Last we heard from Nils Økland was a radical departure with the Hardanger fiddler’s Sonic Youth and Velvet Underground-inspired trio album Lumen Drones.

This latest record, a more stately folk and chamber-jazz flavoured five-piece affair, bristling with sax, harmonium, bass and drums, was recorded in a church near Lena in Norway in the summer of 2012, the title track dedicated to Økland’s late father and to his mother.

The music is largely the fiddle player’s arranged by the band (improvisational range is actually limited, the room for manoeuvre relatively constrained), that’s Rolf-Erik Nystrom on saxes, Sigbjørn Apeland harmonium, Mats Eilertsen double bass and Håkon Mørch Stene on percussion and vibes.
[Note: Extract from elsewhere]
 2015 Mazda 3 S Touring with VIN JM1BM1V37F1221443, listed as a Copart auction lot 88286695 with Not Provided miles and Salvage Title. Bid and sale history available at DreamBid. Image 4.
There’s an incantatory appeal to some of the dense chordal legato phrases on ‘Mali’ a kind of a mantra if it were sung. ‘Drev’ later is texturally richer the dirge-like atmosphere blossoming into something more open and appealing, the force of the band’s improvising imagination hitherto largely under wraps flickering and flowering.

A much more typical Okland album than what we heard on Lumen Drones, the strength and beauty of his musical personality driving the album, of course more of a good thing than anything else although the band is often overshadowed by the luminously ancient sounding fiddle among Økland’s choice of instruments.

Of as much appeal to those who listen a lot to classical music or traditional folk music from Norway, maybe even more so than jazz, pick for me is ‘Amstel’, Eilertsen breaking free, the lilting melody pristine in its rural loveliness.